Boolean algebras

In mathematics, our understanding often progresses from more or less concrete examples to abstract concepts, from particular cases to the general one, from something we can understand using our everyday intuition and experience to something whose understanding requires rigorous assumptions and meticulous proofs. Thus, for example, our intuitive notion of change is captured in the definition of the derivative, which itself is a particular example of a linear operator. Similarly, we can immediately see that a square is ‘more symmetric’ than a parallelogram; it is then the task of mathematics to make this precise. One of the powers of abstraction lies in its generality, once a problem is solved on an abstract level, we are immediately freed from solving many individual problems. Perhaps more importantly for mathematics, abstraction simplifies many concepts by removing the irrelevant details, thus allowing us to see the essence of the concept. This movement from the concrete to the abstract will be the guiding principle in this blog post, as I will attempt to motivate Boolean algebras.

In the previous posts, we have discussed what is meant by classical first-order logic and how linear spaces can be used to break the distributivity law, demonstrating that ‘the logic of linear spaces’ does not form a classical logic. The linear spaces were in turn motivated by the fact that they form the state space for quantum mechanics. This time we will take a step back in some sense, we will ignore the fact that first-order logic has quantifiers, and consider only the logical propositions formed using ‘and’, ‘or’ and ‘not’1, we will call it propositional logic.

Although the distributive law does not hold for linear spaces, it looks like whatever ‘the logic of linear spaces’ is, it is not too far from the propositional logic; for example, it still makes sense to ask whether something is not in a given linear space, or whether something is in a linear space A or in a linear space B. This is a typical example of a more general concept lurking behind the corner, we have two very similar things, which disagree in one or two properties, the task is to find what exactly are the similarities of the two.

We begin by defining a bounded lattice, if this feels too boring or too technical, just skip the axioms!

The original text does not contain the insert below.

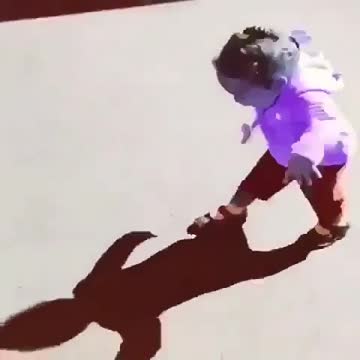 A girl running from her shadow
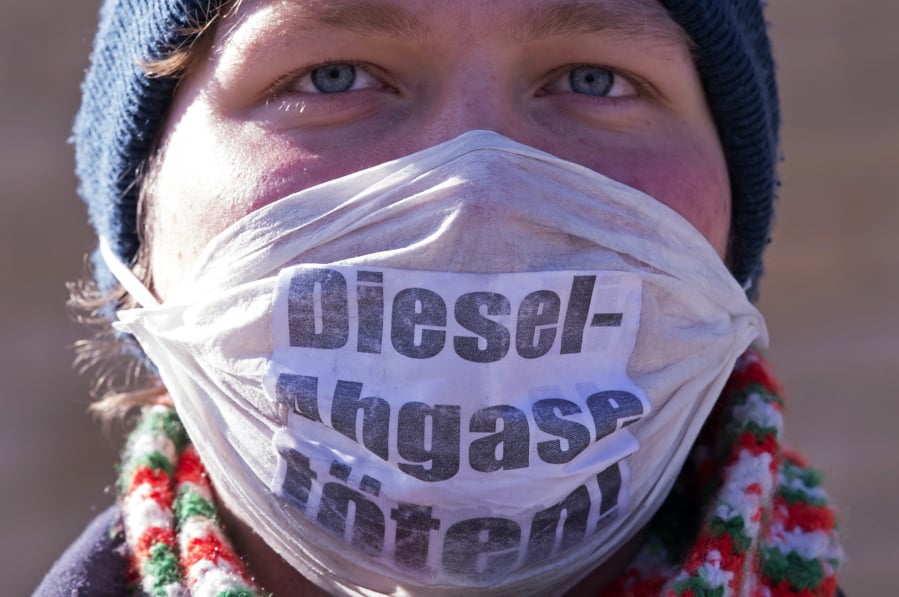 An environmental activist stands in front of the Federal Administrative Court on Tuesday in Leipzig, Germany.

Although I have used the symbols \neg, \land and \lor before, for now let’s forget they had any meaning, the only properties they have are the ones derivable from the axioms we are about to introduce. Let L be some set, we will denote the elements of the set by small letters x, y, z, .... Let \land and \lor be some operations on L, that is, for any elements x and y in L both x \land y and x \lor y are again elements of L. We say that such set is a lattice if the following axioms hold.

(1)  x \lor x = x,    x \land x = x

(2)  x \lor y = y \lor x,    x \land y = y \land x

(3)  x \lor (y \lor z) = (x \lor y) \lor z,    x \land (y \land z) = (x \land y) \land z

(4)  (x \lor y) \land y = y,    (x \land y) \lor y = y

In short, the axioms are saying that the operations \land and \lor must be (1) redundant when the input on both sides is the same; (2) symmetric; and (3) associative (i.e. the order of the operations doesn’t matter). The axiom (4) is called absorption. A lattice L is said to be bounded if there are elements 0 and 1 in L so that for any element x in L the following holds.

(5)  x \lor 0 = x,    x \land 1 = x

Note that from (4) and (5) it follows that x \land 0 = 0 and x \lor 1 = 1. In this case 0 is called the bottom element of L and 1 the top element of L, the reason for this terminology will become clear via examples. We now observe that both propositional logic and linear spaces satisfy the axioms (1)-(5).2 For propositional logic, the set L is just the set of all logical propositions, \land the logical ‘and’, \lor the ‘or’, 0 = false is any sentence which is always false and 1 = true any sentence which is always true.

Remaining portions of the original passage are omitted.